Con la stagione degli utili che volge alla fase conclusiva, sui listini pesa l’assenza di nuovi catalizzatori in grado di alimentare gli ordini di acquisto. Preoccupano, inoltre, l’escalation di violenze in Medio Oriente e, soprattutto, le incertezze sui tassi d’interesse.

A quest’ultimo riguardo, molto importanti saranno le indicazioni che emergeranno dal dato di domani sul Pil del primo trimestre. Gli economisti si aspettano in media una crescita dell’economia Usa intorno al 5%. Il rapporto diffondera’ maggiore chiarezza sugli effettivi progressi della ripresa americana, sull’andamento dell’inflazione e sulle eventuali manovre della Federal Reserve.

Sul fronte societario, hanno riportato risultati migliori delle attese le blue chip McDonald’s e Boeing, tra i pochi titoli del Dow Jones a chiudere la seduta in progresso.

In netto calo, invece, il gigante dell’alluminio Alcoa, sul quale hanno pesato le preoccupazioni sull’export in Cina. Perdite superiori al 2% le hanno poi registrate DuPont, General Motors, Caterpillar, American Express, Intel, Hewlett-Packard, General Motors e Microsoft.

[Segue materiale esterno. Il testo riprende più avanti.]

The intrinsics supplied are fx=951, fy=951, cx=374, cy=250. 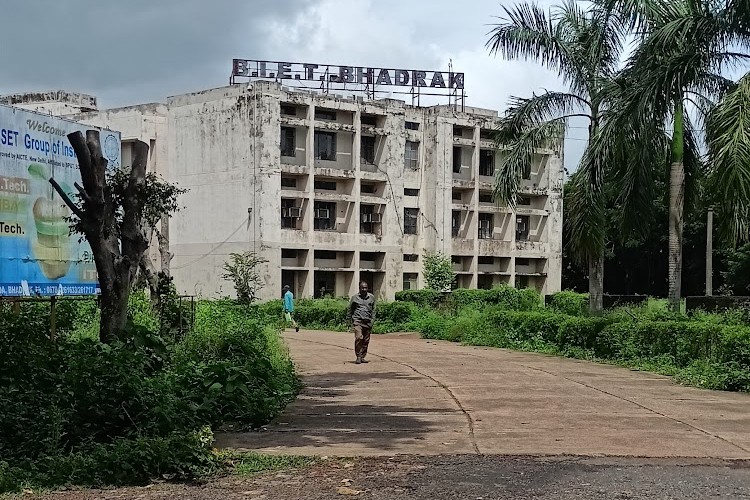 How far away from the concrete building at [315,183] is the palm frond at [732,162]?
3144 cm

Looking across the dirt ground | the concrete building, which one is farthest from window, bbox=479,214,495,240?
the dirt ground

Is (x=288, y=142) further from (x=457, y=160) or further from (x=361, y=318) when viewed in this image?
(x=361, y=318)

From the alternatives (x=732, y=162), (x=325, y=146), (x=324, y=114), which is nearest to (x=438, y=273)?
(x=325, y=146)

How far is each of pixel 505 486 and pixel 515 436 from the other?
239 centimetres

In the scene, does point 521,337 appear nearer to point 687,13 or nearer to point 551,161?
point 687,13

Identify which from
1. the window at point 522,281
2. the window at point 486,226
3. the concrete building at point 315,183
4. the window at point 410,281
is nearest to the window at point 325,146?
the concrete building at point 315,183

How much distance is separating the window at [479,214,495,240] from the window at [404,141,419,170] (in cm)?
544

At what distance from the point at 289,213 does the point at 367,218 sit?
493 cm

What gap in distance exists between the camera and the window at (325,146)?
4753 cm

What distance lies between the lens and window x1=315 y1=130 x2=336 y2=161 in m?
47.5

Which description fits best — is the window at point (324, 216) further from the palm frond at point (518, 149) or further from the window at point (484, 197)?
the palm frond at point (518, 149)

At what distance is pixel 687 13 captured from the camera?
57.8ft

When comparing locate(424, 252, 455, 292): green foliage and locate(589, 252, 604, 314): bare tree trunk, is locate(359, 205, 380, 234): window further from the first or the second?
locate(589, 252, 604, 314): bare tree trunk

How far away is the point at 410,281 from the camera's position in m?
52.3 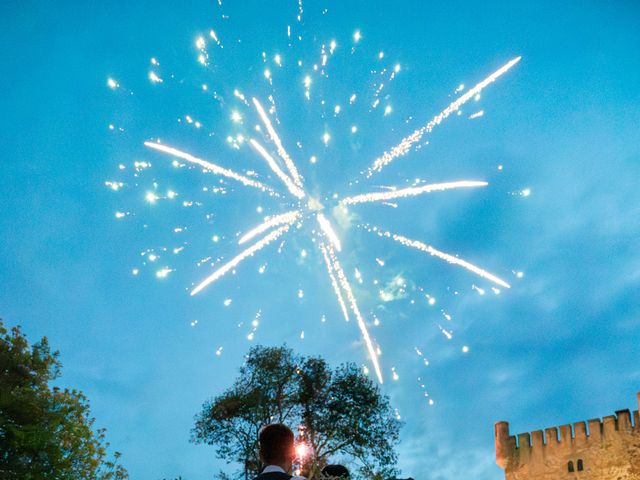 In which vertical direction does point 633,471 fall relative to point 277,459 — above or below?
above

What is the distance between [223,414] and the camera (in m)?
35.9

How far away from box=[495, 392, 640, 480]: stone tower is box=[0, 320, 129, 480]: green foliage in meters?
23.7

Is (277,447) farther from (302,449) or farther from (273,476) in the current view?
(302,449)

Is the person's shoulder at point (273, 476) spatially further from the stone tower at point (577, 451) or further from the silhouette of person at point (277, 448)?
the stone tower at point (577, 451)

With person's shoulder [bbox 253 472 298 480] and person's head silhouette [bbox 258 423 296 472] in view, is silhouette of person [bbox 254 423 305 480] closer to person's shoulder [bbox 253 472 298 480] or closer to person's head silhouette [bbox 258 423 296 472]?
person's head silhouette [bbox 258 423 296 472]

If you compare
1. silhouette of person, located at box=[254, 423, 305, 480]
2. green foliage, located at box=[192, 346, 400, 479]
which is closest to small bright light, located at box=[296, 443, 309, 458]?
green foliage, located at box=[192, 346, 400, 479]

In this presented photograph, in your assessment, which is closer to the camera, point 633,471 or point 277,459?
point 277,459

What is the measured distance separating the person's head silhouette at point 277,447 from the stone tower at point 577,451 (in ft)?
92.5

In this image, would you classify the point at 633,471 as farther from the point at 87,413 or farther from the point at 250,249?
the point at 87,413

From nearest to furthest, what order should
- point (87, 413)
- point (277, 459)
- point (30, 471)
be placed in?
point (277, 459), point (30, 471), point (87, 413)

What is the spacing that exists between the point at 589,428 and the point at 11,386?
31.3 meters

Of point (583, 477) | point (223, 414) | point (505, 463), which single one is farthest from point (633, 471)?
point (223, 414)

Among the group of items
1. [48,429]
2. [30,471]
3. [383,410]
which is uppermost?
[383,410]

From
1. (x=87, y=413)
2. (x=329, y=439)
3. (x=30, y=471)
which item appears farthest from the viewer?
(x=329, y=439) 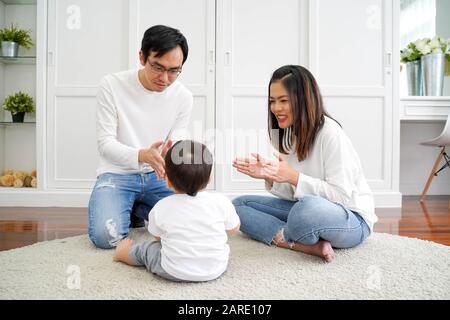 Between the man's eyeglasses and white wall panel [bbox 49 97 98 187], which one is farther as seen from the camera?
white wall panel [bbox 49 97 98 187]

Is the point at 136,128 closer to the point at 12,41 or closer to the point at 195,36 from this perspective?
the point at 195,36

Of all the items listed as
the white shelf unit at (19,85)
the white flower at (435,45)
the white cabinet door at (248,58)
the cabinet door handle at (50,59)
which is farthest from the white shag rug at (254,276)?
the white flower at (435,45)

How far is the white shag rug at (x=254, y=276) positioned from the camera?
3.05ft

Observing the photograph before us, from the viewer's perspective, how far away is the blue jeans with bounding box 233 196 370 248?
1154mm

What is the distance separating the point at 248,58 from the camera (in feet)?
8.28

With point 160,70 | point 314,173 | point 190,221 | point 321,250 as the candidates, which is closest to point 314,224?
point 321,250

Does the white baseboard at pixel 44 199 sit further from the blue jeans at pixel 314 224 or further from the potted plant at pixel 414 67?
the potted plant at pixel 414 67

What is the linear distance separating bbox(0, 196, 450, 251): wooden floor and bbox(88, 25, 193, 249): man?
358 millimetres

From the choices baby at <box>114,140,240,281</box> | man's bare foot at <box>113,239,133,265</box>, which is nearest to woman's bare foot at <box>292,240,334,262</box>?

In rosso, ancora, il colosso dell’intrattenimento Disney, colpito dalla decisione di Comcast di ritirare l’offerta di takeover, e il gruppo hi-tech canadese Nortel: il gruppo di infrastrutture telecom, al centro di un’inchiesta per irregolarita’ contabili, ha riportato alla ribalta le preoccupazioni sugli scandali societari, annunciando di aver licenziato tre dirigenti. Il titolo ha perso quasi il 30%.

Sugli altri mercati, il dollaro ha guadagnato terreno sull’euro: nel tado pomeriggio di mercoledi’ a New York il cambio tra le due valute e’ $1.1836. In forte calo l’oro, che ha ceduto $13.20 a $385.90 all’oncia (minimo di sei mesi), mentre ha chiuso sostanzialmetne invariato il petrolio ($37.46 al barile). La giornata si e’ chiusa in rosso, infine, anche per i titoli di Stato. Il rendimento sul Treasury a 10 anni si e’ attestato al 4.46% contro il 4.40% della chiusura di martedi’.